EXERCISE BRIEF: In your copy of the data, keep every word exact and include no pictures.

⟨

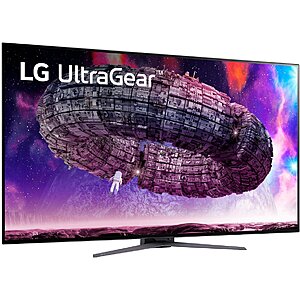 48" LG Ultragear 48GQ900-B 4K UHD 120Hz OLED Gaming Monitor $700 + Free Shipping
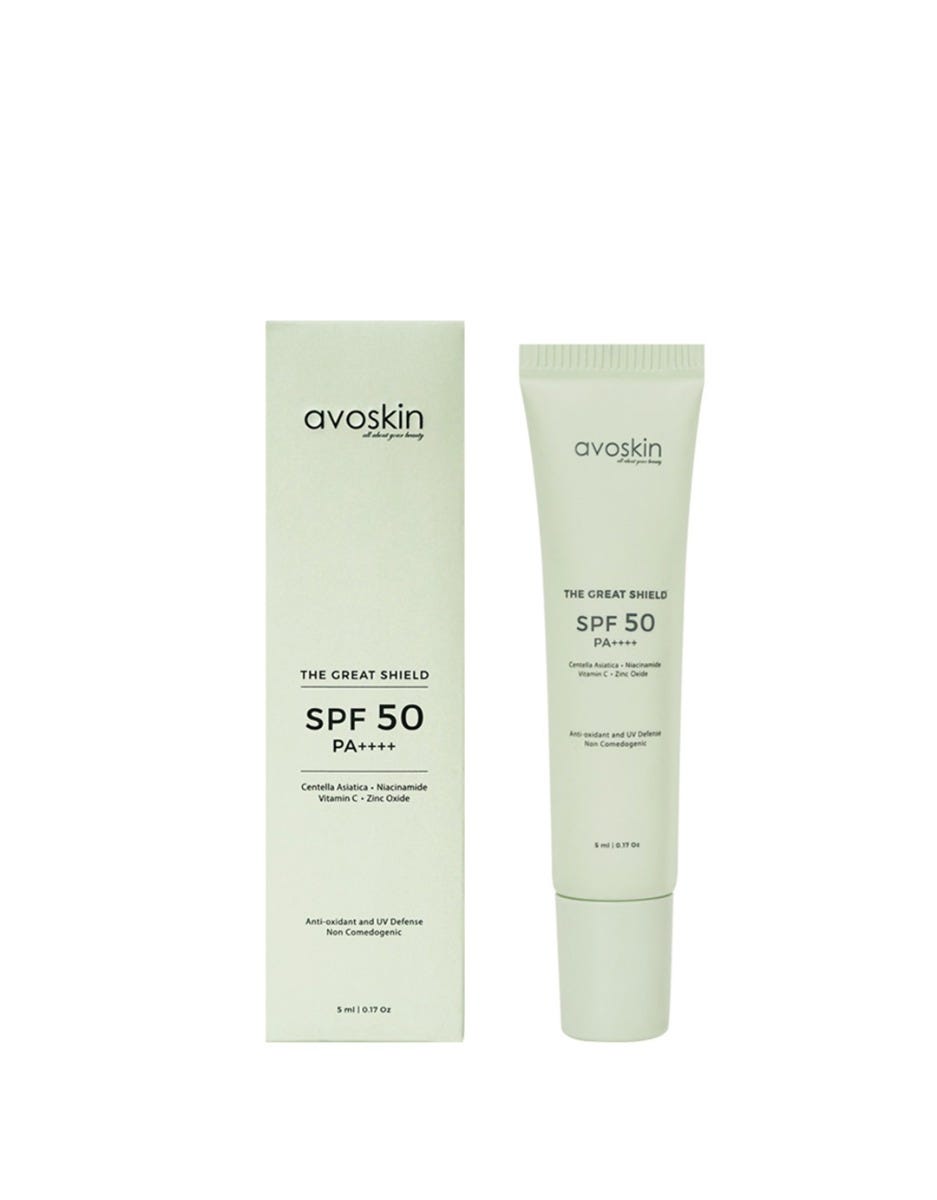 Avoskin The Great Shield Spf 50 5 Ml 113949800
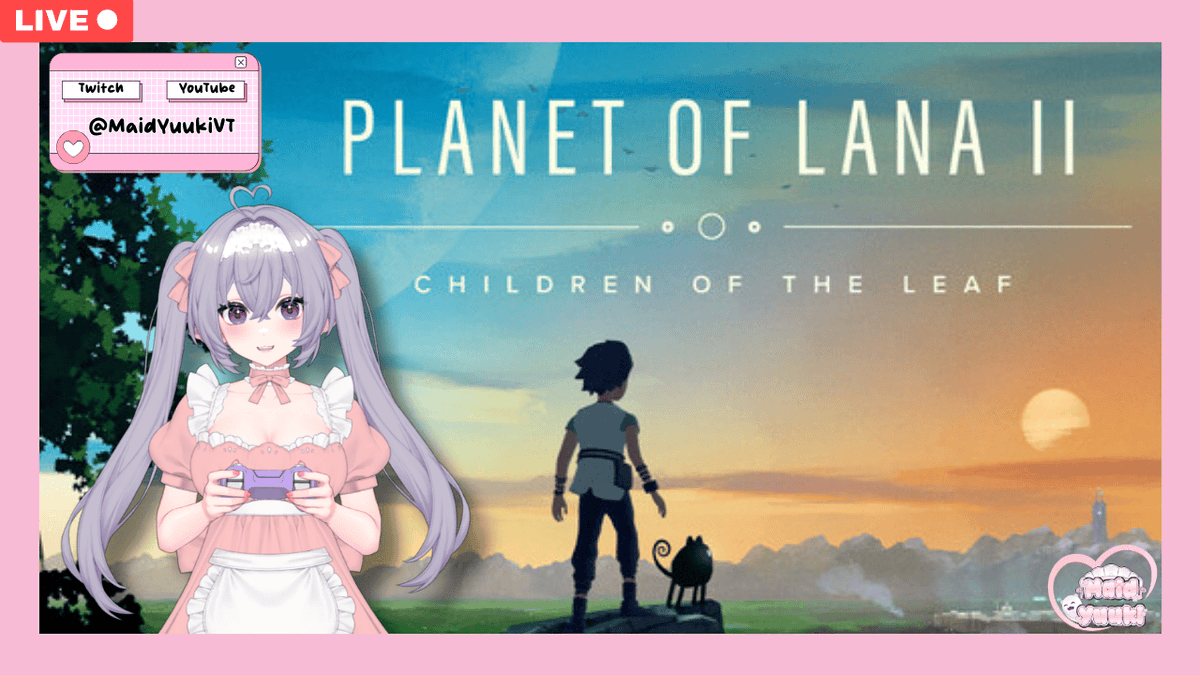 Maid Yuuki 👻🎀 【 OshiCore | Love-Chu!💖 】 tweet media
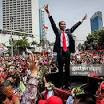 Joko Widodo Wins Second Term As Indonesia’s President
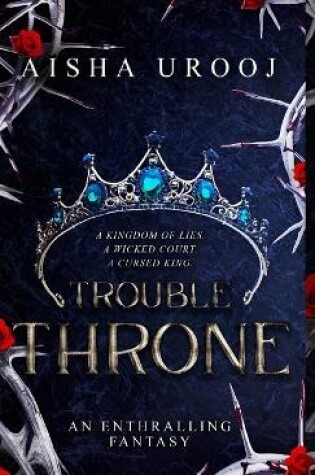 Cover of Trouble Throne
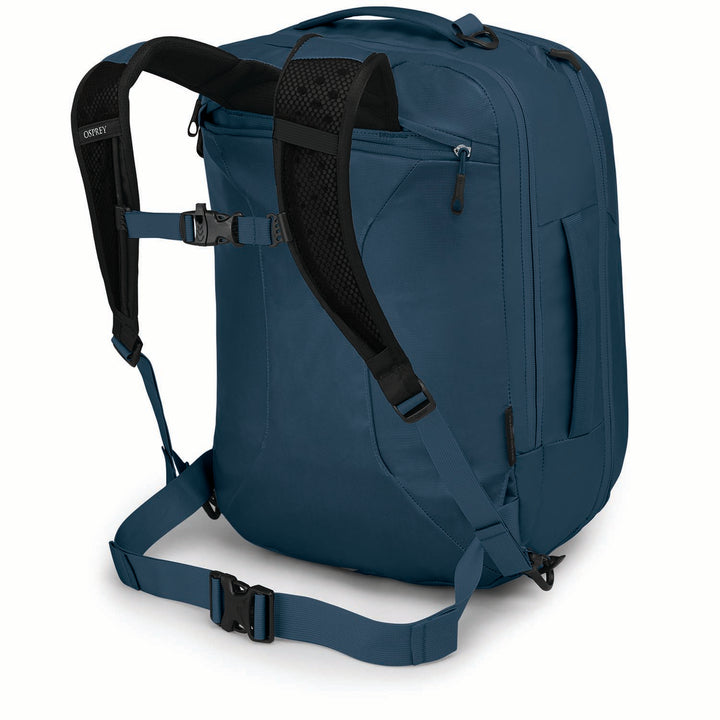 Osprey Transporter 36 Global Carry On Bag Venturi Blue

⟩

ANSWER BOX:
 48" LG Ultragear 48GQ900-B 4K UHD 120Hz OLED Gaming Monitor $700 + Free Shipping
 Avoskin The Great Shield Spf 50 5 Ml 113949800
 Maid Yuuki 👻🎀 【 OshiCore | Love-Chu!💖 】 tweet media
 Joko Widodo Wins Second Term As Indonesia’s President
 Cover of Trouble Throne
 Osprey Transporter 36 Global Carry On Bag Venturi Blue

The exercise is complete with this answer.